One of the best discussions of the role of Fannie and Freddie, and how they got to where they are, that Spot has seen was in a post today at Calculated Risk:
I think we can give Fannie and Freddie their due share of responsibility for the mess we're in, while acknowledging that they were nowhere near the biggest culprits in the recent credit bubble. They may finance most of the home loans in America, but most of the home loans in America aren't the problem; the problem is that very substantial slice of home loans that went outside the Fannie and Freddie box. But Krugman [in his column today] is right to focus on the fact that it was the regulatory and charter constraints of the GSEs that kept that box closed. In the schizoid reality of the GSEs, when they had their "shareholder-owned private company" hats on they did plenty of envelope-pushing. When they had their "affordable housing" hats on, they rationalized dubious theories of credit quality--like the fervent belief that low or no down payment can be fully offset by a pretty FICO score--to beef up their affordable housing goals, often at the expense not of the poor put-upon "private sector" but of FHA, whose traditional borrower pool they pretty thoroughly cherry-picked. Nonetheless, the immovable objects of the conforming loan limits and the charter limitation of taking only loans with a maximum LTV of 80% unless a well-capitalized mortgage insurer took the first loss position, plus all their other regulatory strictures, managed fairly well against the irresistible force of "innovation." If there has ever been an argument for serious regulation of the mortgage markets, the GSEs are it.
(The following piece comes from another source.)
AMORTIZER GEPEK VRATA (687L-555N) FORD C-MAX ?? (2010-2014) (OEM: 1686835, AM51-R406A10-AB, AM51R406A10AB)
Krugman asks the question: Well then, how did the GSEs get into trouble? Calculated Risk's reply:
Well, that [that the GSEs were too-highly leveraged] and the fact that the minute it looked like the party was over, Congress and the administration both fell all over themselves to push the GSEs into jumbo markets they had at least managed to stay out of during the worst of the boom, cheerfully lifting their portfolio caps at the same time. How do you go on a stock-selling binge at the same time you have just become the official lender of last resort (along with FHA), handed the mandate to take out all those toxic ARMs with too-large loan balances into "safe" 30-year fixed that the borrowers in question still can't afford? If credit risk wasn't, heretofore, mostly the GSEs' problems, it will be now.
In other words, boys and girls, we've turned a private loss problem into a public one.